Let's examine how these two performance agents work in tandem to give athletes a new competitive edge. Here's a short recap of the science of NO. Major attention was first directed to NO when the Nobel Prize in Physiology or Medicine in 1998 was awarded to Robert F. Furchgott, Louis J. Ignarro and Ferid Murad for their discoveries concerning "the nitric oxide as a signaling molecule in the cardiovascular system".

One of the main functions performed by NO in the cardiovascular system is dilating blood vessels. This function helps to increase blood flow to muscle and other tissues in the body.

As more research has been focused on NO, more functions have been identified, such as NO's role as an important signaling molecule outside the cardiovascular system; signaling between nerve cells in the brain, enhancing the olfactory sense and immune system functioning.

Chief among NO's many functions in the sports nutrition product industry is its role in vasodilation - leading to achieving the resistance exercise induced PUMP. Vasodilating during exercise is vital to accommodate increasing blood volume and enhance blood flow rate for maximum delivery of oxygen, nutrients and anabolic hormones to muscle tissue, as well as improve metabolic waste clearance, such as fatigue causing carbon dioxide.

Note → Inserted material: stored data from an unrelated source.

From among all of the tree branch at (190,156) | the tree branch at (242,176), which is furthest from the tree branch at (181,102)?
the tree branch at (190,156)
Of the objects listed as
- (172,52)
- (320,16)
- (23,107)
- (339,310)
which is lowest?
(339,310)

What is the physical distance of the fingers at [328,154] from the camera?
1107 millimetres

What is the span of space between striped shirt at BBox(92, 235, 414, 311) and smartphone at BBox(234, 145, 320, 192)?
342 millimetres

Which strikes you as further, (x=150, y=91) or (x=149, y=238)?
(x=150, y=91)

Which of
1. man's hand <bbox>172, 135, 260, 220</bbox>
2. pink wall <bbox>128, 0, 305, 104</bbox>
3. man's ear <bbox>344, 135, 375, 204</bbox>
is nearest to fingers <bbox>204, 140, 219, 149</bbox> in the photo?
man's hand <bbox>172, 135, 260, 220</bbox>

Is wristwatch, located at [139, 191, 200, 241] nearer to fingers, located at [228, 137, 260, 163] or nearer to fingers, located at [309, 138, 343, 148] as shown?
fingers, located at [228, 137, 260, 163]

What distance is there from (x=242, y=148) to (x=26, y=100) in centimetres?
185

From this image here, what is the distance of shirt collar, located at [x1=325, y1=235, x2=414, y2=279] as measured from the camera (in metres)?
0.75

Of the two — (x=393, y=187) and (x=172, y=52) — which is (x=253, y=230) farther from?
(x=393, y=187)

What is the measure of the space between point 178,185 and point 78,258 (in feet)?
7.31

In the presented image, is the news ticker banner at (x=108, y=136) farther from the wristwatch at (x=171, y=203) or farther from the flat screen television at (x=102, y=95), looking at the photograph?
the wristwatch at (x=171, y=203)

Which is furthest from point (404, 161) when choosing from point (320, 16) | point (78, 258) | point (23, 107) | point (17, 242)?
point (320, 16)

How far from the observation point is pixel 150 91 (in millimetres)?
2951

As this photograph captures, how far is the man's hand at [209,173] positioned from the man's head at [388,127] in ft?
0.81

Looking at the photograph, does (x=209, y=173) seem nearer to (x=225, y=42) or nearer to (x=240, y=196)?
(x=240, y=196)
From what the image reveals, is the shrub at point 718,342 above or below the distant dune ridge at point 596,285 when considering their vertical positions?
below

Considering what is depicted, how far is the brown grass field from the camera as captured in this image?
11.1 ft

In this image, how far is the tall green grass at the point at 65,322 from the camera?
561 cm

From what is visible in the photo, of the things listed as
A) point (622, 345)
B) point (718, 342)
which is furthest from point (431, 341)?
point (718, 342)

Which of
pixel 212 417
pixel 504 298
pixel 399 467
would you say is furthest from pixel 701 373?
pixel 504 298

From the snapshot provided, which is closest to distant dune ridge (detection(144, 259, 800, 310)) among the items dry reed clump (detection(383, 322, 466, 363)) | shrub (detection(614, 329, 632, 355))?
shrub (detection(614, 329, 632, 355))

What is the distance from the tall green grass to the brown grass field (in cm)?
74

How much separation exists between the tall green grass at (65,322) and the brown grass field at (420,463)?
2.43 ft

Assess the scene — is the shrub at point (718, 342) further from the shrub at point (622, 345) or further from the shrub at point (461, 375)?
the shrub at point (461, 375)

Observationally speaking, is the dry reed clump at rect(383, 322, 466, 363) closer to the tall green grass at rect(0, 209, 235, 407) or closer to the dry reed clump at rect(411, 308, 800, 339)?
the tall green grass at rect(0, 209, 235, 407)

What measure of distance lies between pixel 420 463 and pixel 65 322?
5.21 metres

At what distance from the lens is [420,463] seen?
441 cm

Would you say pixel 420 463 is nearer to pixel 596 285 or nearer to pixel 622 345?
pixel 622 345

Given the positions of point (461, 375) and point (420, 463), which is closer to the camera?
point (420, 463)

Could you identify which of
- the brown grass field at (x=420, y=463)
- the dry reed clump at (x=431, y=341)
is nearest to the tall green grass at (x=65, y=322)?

So, while EPO boosting provides a means to stimulate more red blood cells and higher nutrient and oxygen carrying capacity, NO provides the means to widen the blood vessels to promote greater blood flow. In this way, EPO and NO working together are the vasoactive cart and horse of maximizing performance enhancing enriched blood and blood vessel super-pumps.

Nitric oxide stimulates the blood vessel dilating effects, to create a wider circulatory system conduit for the EPO stimulated red blood cell enriched volumized bloodstream to deliver more oxygen and nutrients to the muscles and other tissues, with a new level of performance expected from these synergistic effects.

There are now hundreds of products featuring ingredients for promoting NO mediated vasodilation, primarily by two modes of action; precursors that are involved in NO production, and stimulators that are involved in stimulating the production of NO. Here are some of effective ingredients found being used in NO stimulating products, and are also contained in the newest class of dual action EPO - NO stimulating products.

NO Boosting Ingredients


Arginine is the key amino acid that is used to make nitric oxide in your body. NO products found on the shelves usually contain Arginine as a single ingredient or in other forms, for example, Arginine Alpha Keto Glutarate and Arginine Ethyl Ester.

Some products contain a multi-source Arginine blend claiming to ensure fast, complete and sustained absorption of the arginine molecule provided in free form and special organic complexes, such as with Alpha Keto Glutarate and Ethyl Ester for dynamic physiological action.


Citrulline is another amino acid found in NO stimulating supplements, primarily for its purported function of boosting the body's arginine levels and thereby supporting the NO production pathway.

Citrulline can be used on its own as a supplement, but it is typically included along with Arginine and other NO stimulating ingredients as a way of saturating the nitric oxide production pathways to ensure that peak nitric oxide production is achieved, as arginine has a variety of other functions in the body, in addition to NO production.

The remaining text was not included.